If so, there's potential for significantly more speed. Python does its line-at-a-time input with a character-at-a-time macro-in-a-loop, the same way naive vendors (read "almost all vendors") implement fgets. It's replacing that inner loop with direct peeking into the FILE buffer that gets Perl its dramatic speed -- despite that Perl has fancier input functionality (the oft-requested automagical "input record separator"). So it sounds like the Perl trick is orthogonal to SIO's tricks; Perl isn't doing mmaps or read-aheads or anything else fancy under the covers -- it only optimizes the inner loop!
... with a little luck, the new module will replace both pcre and regex...
If something more tangible than luck would help to make this come true, feel free to mention it <wink>.
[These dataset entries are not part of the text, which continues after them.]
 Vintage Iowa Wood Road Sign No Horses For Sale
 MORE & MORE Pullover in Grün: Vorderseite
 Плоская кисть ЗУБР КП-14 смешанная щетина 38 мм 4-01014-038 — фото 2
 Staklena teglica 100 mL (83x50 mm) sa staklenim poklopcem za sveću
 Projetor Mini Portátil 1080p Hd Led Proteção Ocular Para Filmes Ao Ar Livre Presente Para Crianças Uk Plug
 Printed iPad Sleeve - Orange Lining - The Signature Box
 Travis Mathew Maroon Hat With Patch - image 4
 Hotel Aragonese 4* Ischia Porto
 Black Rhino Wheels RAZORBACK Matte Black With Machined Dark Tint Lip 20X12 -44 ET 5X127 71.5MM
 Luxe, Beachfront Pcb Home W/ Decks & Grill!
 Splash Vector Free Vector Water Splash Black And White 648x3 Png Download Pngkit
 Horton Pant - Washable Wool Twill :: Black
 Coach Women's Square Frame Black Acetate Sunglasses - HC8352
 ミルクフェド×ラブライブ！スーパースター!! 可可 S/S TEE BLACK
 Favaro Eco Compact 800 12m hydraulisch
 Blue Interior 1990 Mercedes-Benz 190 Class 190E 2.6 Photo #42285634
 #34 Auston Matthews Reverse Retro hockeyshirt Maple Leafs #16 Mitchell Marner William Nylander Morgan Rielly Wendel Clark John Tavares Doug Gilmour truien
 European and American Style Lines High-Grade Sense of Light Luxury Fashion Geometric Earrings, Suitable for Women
not to mention that it's fairly easy to write your own front- end to the matching engine -- the expression parser and the compiler are both written in good old python.
Ah, good news / bad news. Perl refugees aren't accustomed to "precompiling" regexp objects, so write code that will cause regexps to get recompiled over & over. Even if you cache the results under the covers, the overhead of the Python call to the regexp compiler will likely take as long as the engine takes to search. Personally, in such cases, I think they should learn how to use the language <0.5 wink>.